But what do we do about it?

It won't do simply to say, "Let's deregulate," meaning to get rid of regulation altogether, because everybody wants what regulation is supposed to provide us: regularity and predictability in markets and assurance of quality and safety in the goods and services we buy.

When we get in a taxi or an Uber, we want to know that the driver is peaceable and responsible and that the car is in good condition. When we take a medicine, we want to know that it is safe and effective. When we put our money in a bank, we want to know that it has enough capital that we won't lose our savings if the institution has a run of bad luck. In short, we want goods and services to be well-regulated.

So it seems that we are stuck: Government regulation almost always denies liberty and usually causes economic harm, but we want the regularity, predictability, and quality assurance that regulation is supposed to provide. Does that mean the best we can do is to accept government regulation but try to rein it in, to limit it, to reduce the harm it does?

No. It is a semantic error to assume that regulation means government regulation. In fact, there is no such thing as an unregulated free market, because markets free of government regulation are very closely regulated by the choices and actions of market participants. And market forces regulate quality and safety better than government agencies can.

Regulation by Market

To regulate is to make regular and orderly, to hold to a standard, to control according to rule, as a thermostat regulates the temperature in a building.

Market forces do this constantly. Competing businesses offer what they hope will be a good value, then customers choose among the various offerings, then the competing businesses react to customers' and competitors' choices. That process is the market's regulator.

To take an example of market regulation so ubiquitous that many people don't even notice it, market forces regulate prices.

If the Giant supermarket near my home is charging $2 a pound for red peppers, the more upscale Eddie's Market will not be able to charge a whole lot more than that and still sell many red peppers. Neither will other grocery stores or the farm stands that open nearby in the summer. All will charge nearly the same price. There is strong regularity to the prices of red peppers at any place and time. This regulation is accomplished by each seller's response to the actions of his customers and competitors.

The same goes for quality. Consumers won't buy peppers that aren't fresh and firm if they think they can get better peppers at some other store. The grocers might wish they could sell last week's peppers that are getting soft on the shelf, but customers, along with the self-interested actions of other stores, won't let them. Their customers' choices and competitors' actions restrict the quality of produce they can sell. In this manner, market forces regulate quality.
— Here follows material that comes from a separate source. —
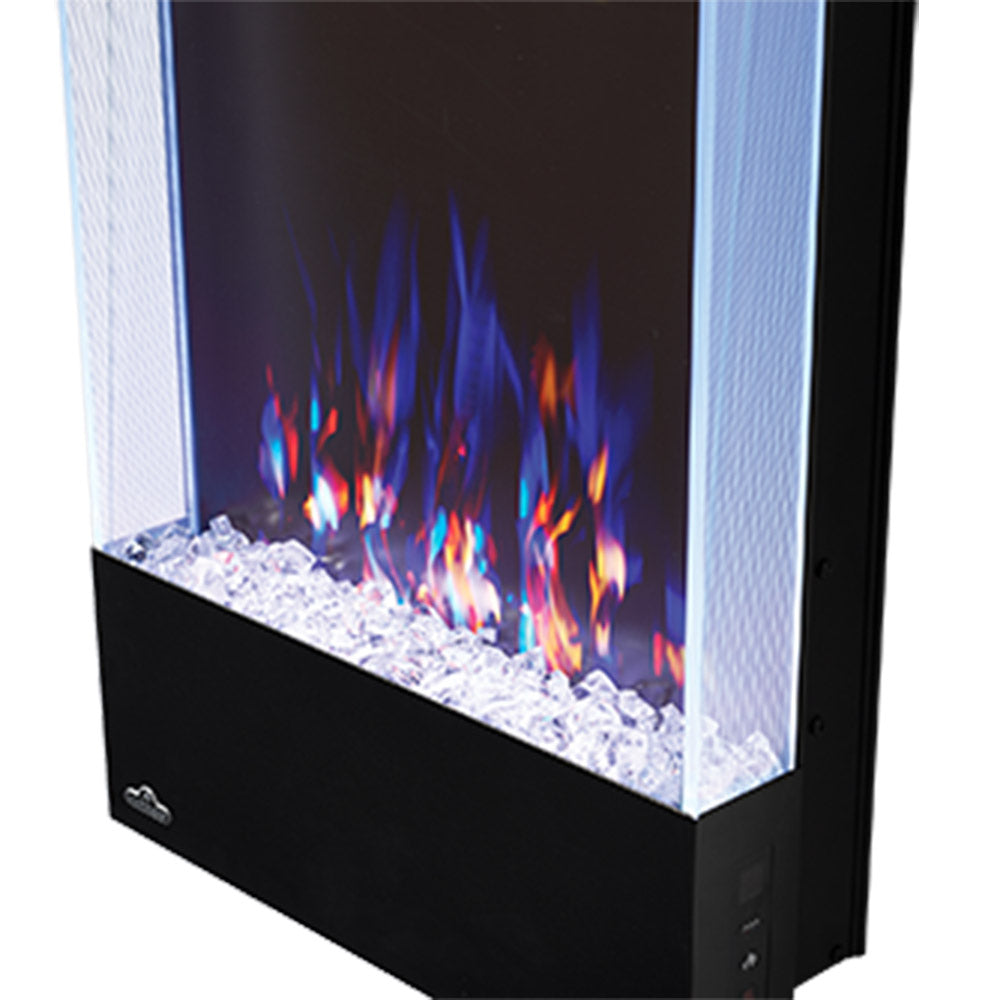 Black electric fireplace with blue and orange flame effect over glowing glass rocks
The quality of red peppers can be directly observed. But what about goods and services whose quality and safety cannot be directly observed? We can't observe the criminal record of some taxi or Uber driver who comes to pick us up. We can't know by looking at it what side effects a medicine might cause. We can't observe the capital adequacy of a bank where we consider putting our savings.
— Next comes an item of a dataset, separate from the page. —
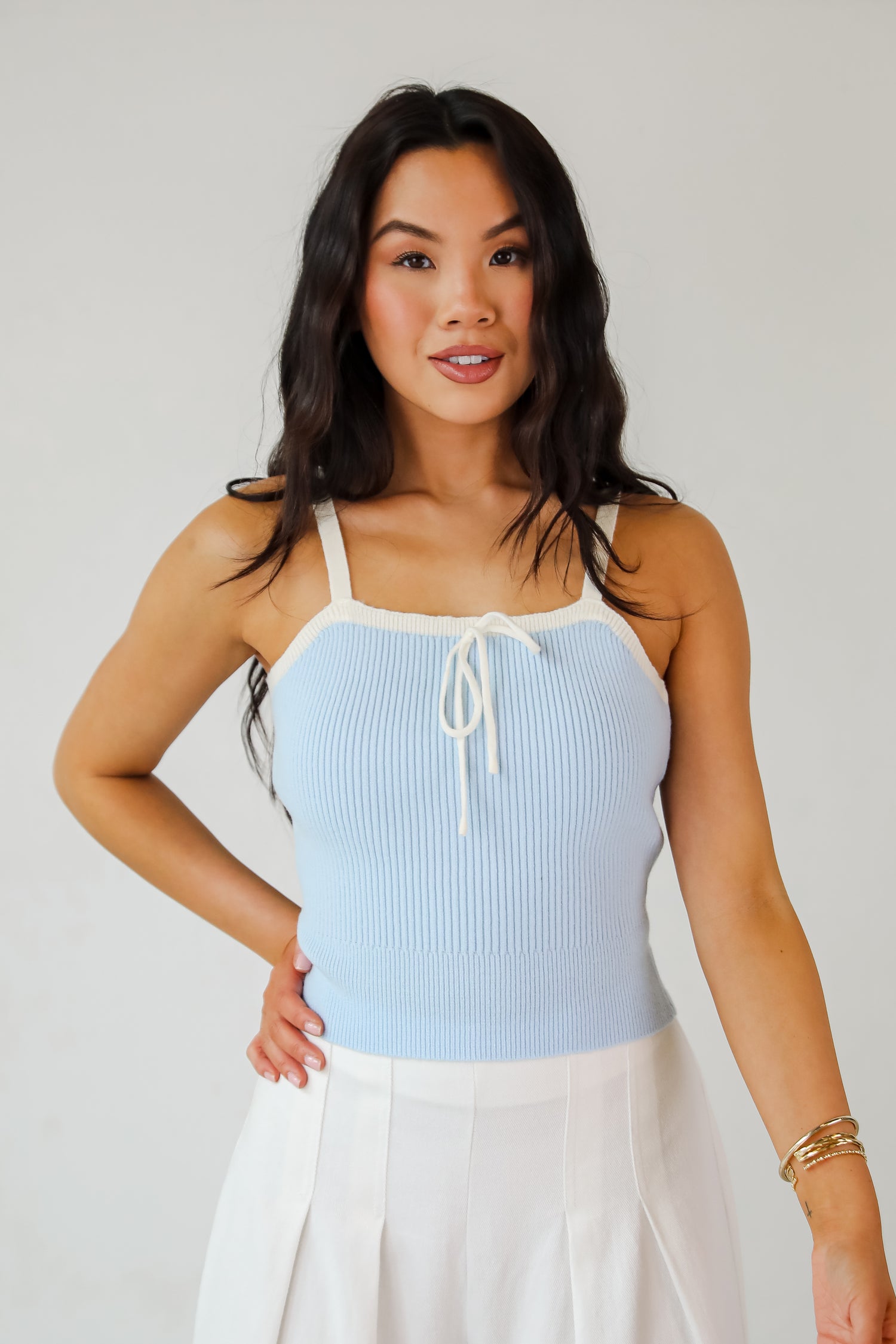 Vivid Sensation Blue Knit Tank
In such cases we need somebody else who can give us assurances that the goods and services we consume are safe and of good quality. Enterprises in markets provide that kind of assurance all the time, in several ways.

Usually we don't just buy a product; we buy the product plus some assurance of its quality. Often, in fact, the quality assurance becomes a feature of the product.
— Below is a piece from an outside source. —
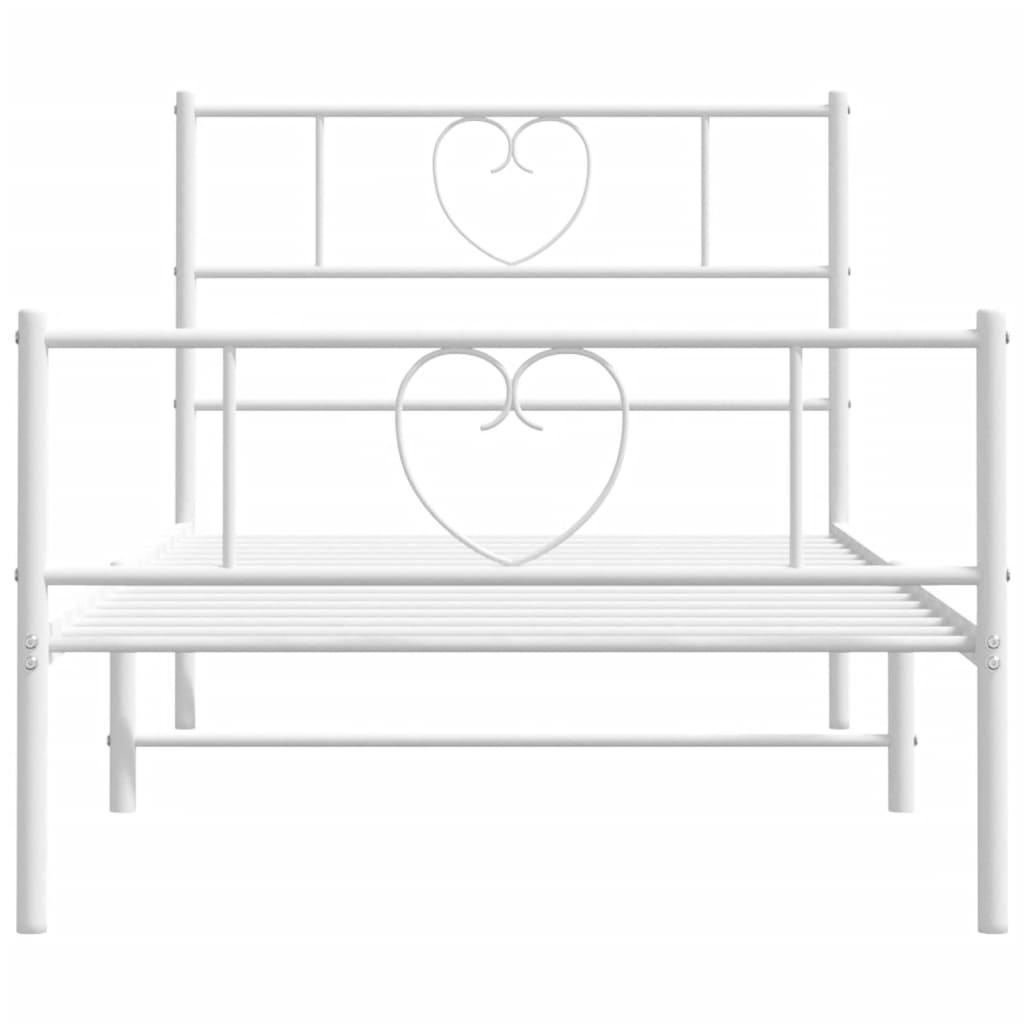 White metal single bed frame with heart detail headboard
One way is with branding. A brand like Sony or Black & Decker tells the customer, "You can trust this product." The company stakes its extremely valuable reputation on it. The same goes for franchises, which are brands of another kind. When we see the Holiday Inn sign, we know what to expect from a room there. It is not going to be great, but it will be clean and adequate.

While brands and franchises do give assurance of quality, the assurance is coming from the same company that wants to sell us the product. Such assurance is not always persuasive. Often we want assurance from some objective, outside, third-party assurer. The market provides these in abundance also.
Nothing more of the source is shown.